Have you ever considered the possibility of a hostage situation in your building? Much like terrorism or workplace violence, the threat of a hostage taker is remote yet very real. Recently in Pittsburgh, a hostage situation occurred at a downtown high rise. While the standoff was resolved without injuries, the message is clear to building owners – always prepare for the unexpected.
Does your building’s Emergency Operations Plan (EOP) address hostages? Have you conducted a roundtable that walks your security team through a hostage scenario? Without a plan in place, a hostage situation could cause more chaos and damage than expected.
“Hostage events have three stages: before, during, and after,” says Steve Layne, a principal with Layne Consultants International. “Before it happens, focus on prevention. During an event, follow your EOP. Afterwards, cooperate with the police investigation and offer support to occupants.”
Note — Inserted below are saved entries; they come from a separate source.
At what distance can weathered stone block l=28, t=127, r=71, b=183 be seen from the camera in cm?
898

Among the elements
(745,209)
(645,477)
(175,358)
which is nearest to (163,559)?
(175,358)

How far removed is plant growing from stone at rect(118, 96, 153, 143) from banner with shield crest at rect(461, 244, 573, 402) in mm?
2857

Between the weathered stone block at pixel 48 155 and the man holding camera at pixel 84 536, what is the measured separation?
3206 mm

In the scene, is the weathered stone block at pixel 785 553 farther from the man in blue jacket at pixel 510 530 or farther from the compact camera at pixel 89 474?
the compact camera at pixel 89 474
Unless your property is a signature building or your tenants include high-risk targets, you may determine that a terrorist attack is not among your risks. Everyone, however, should think about preventing potentially dangerous people from gaining building access.
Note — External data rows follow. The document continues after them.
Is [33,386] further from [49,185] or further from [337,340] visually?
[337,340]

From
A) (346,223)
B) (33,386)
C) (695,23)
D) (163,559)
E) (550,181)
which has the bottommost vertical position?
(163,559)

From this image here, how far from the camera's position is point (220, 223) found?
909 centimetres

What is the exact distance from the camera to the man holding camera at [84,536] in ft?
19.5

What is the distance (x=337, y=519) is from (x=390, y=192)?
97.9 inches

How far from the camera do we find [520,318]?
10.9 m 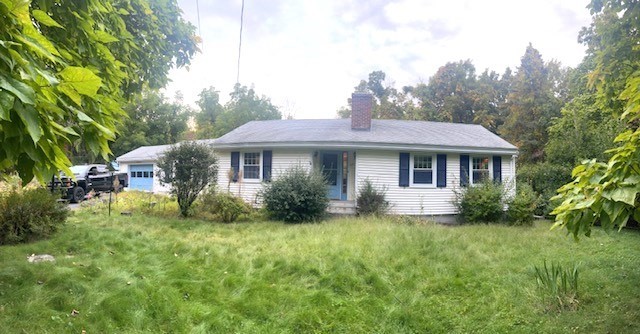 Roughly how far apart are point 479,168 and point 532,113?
15.4 meters

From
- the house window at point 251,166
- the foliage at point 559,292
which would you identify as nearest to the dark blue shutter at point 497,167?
the house window at point 251,166

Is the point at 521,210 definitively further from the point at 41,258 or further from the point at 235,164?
the point at 41,258

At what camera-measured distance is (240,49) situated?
9898 mm

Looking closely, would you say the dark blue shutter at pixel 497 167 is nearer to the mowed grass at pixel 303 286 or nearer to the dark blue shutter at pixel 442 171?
the dark blue shutter at pixel 442 171

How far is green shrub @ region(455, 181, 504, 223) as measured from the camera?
41.1 ft

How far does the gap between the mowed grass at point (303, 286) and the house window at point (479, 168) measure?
6595 millimetres

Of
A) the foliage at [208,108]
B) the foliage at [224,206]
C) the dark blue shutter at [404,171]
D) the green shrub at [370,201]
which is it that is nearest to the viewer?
the foliage at [224,206]

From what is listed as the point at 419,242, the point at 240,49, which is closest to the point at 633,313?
the point at 419,242

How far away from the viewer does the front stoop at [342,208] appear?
12891mm

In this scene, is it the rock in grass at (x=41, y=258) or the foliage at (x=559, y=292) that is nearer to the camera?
the foliage at (x=559, y=292)

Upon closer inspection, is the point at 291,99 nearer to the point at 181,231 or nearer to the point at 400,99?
the point at 400,99

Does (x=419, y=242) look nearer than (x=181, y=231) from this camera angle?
Yes

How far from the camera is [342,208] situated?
42.8 ft

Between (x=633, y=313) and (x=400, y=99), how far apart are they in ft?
116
A hostage situation, much like workplace violence, doesn’t typically involve terrorists – rather, an opportunistic stranger, abusive spouse, or angry former employee is the perpetrator.
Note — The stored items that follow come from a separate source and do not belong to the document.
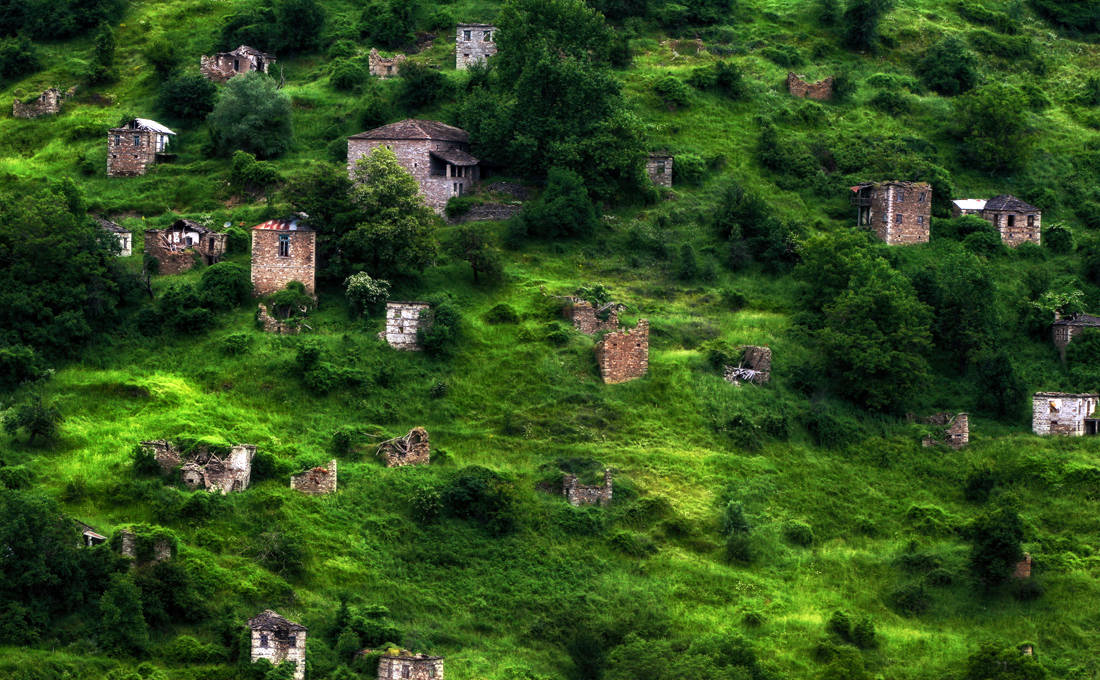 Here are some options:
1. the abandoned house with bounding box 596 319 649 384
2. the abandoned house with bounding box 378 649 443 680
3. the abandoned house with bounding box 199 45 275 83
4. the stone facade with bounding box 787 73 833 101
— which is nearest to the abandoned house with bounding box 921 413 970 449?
the abandoned house with bounding box 596 319 649 384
One random hostage taker, for instance, told police after the incident that he had chosen the building because no one was checking people as they entered. Had the hostage taker spotted a security officer in the lobby, he likely would have been deterred.
“It takes more to discourage an angry spouse or employee, however,” says Kevin T. Doss, president of Security Management Solutions, LLC and an ASIS International advisor for the Physical Security Professional (PSP) Board Certification Review Program. “A visitor management system (VMS) and an escort policy can help prevent these problems. Tenants should be urged to secure their reception areas and prevent access by the general public.”
VMS policies require visitors to have permission to enter from someone working in the building. Conversely, tenants can enter the names of recently fired people on a no-admittance list, denying them access without special permission. Spouses fearing an attack can also use the no-admittance list.